** WHAT THE TASK ASKS **
Pictures aside, the output must consist of the lines from the one containing "di Dorisol Estrelicia" through the end of the data, reproduced exactly.

** GIVEN DATA **
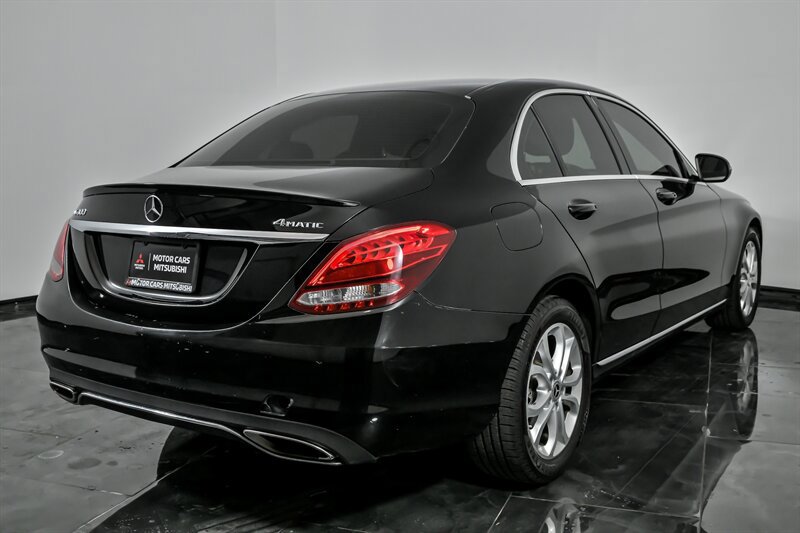 Used 2016 Mercedes-Benz C 300 4MATIC Sedan image 10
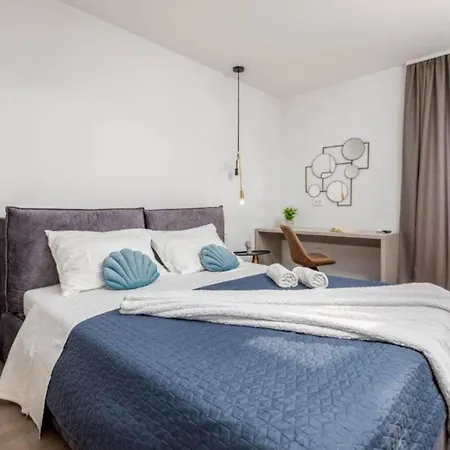 Elegant With Pool And Sauna Raša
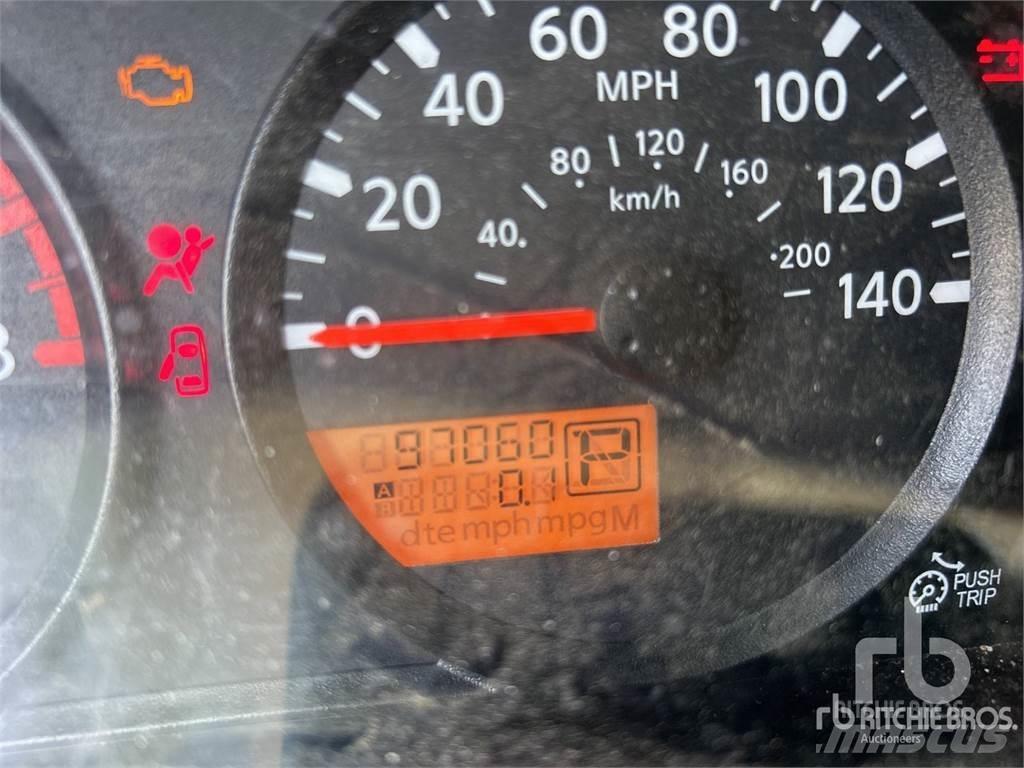 Nissan FRONTIER Pikapai / Bortiniai sunkvežimiai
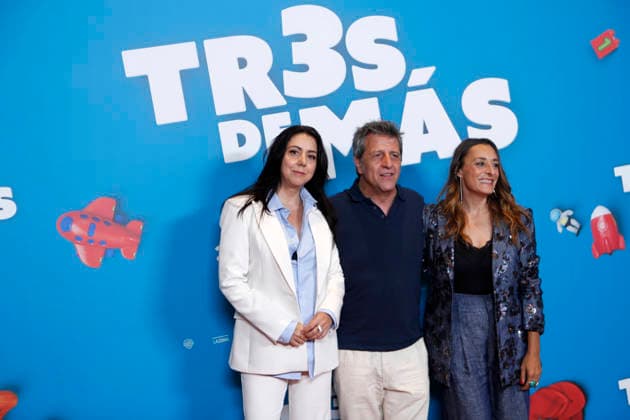 July 15, 2026, Madrid, Madrid, Spain: Actors CARMEN RUIZ (L), DAVID LORENTE (C) and RAQUEL GUERRERO (R) pose for the media during the photocall presenting the new family comedy Tres de mas at the Urso Hotel. The film follows the story of Julia and Ernesto, a successful couple enjoying a child-free life until they suddenly wake up with three kids calling them mom and dad, forcing them to learn parenthood overnight while discovering the origin of the children. Madrid Spain  - ZUMAo127 20260715_zep_o127_074 Copyright: xHugoxOrtunox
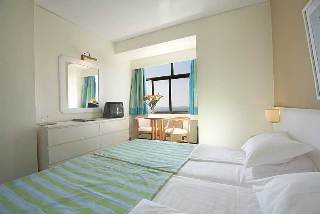 Room
Room
di Dorisol Estrelicia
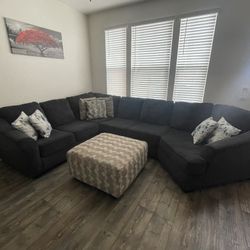 Sectional  + Ottoman 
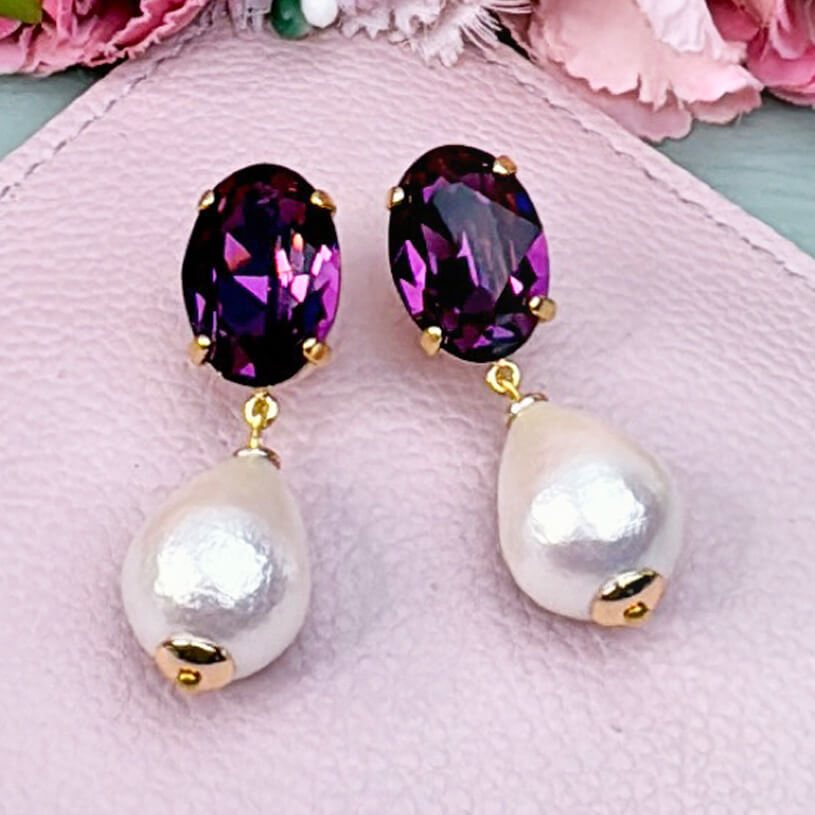 Kleine Ohrstecker mit Glas-Kristallen in Violett und Baumwolltropfen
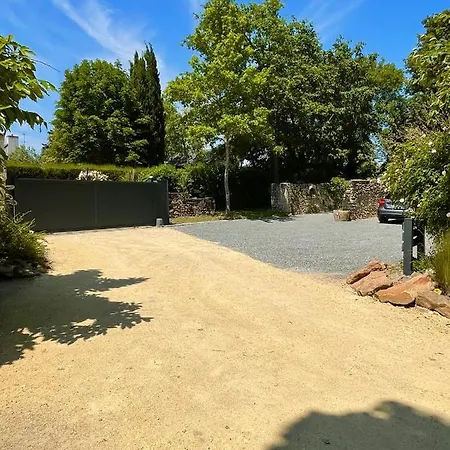 Maisons De Campagne. Vert. Semesterbostad *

** OUTPUT OF THE EXERCISE **
di Dorisol Estrelicia
 Sectional  + Ottoman 
 Kleine Ohrstecker mit Glas-Kristallen in Violett und Baumwolltropfen
 Maisons De Campagne. Vert. Semesterbostad *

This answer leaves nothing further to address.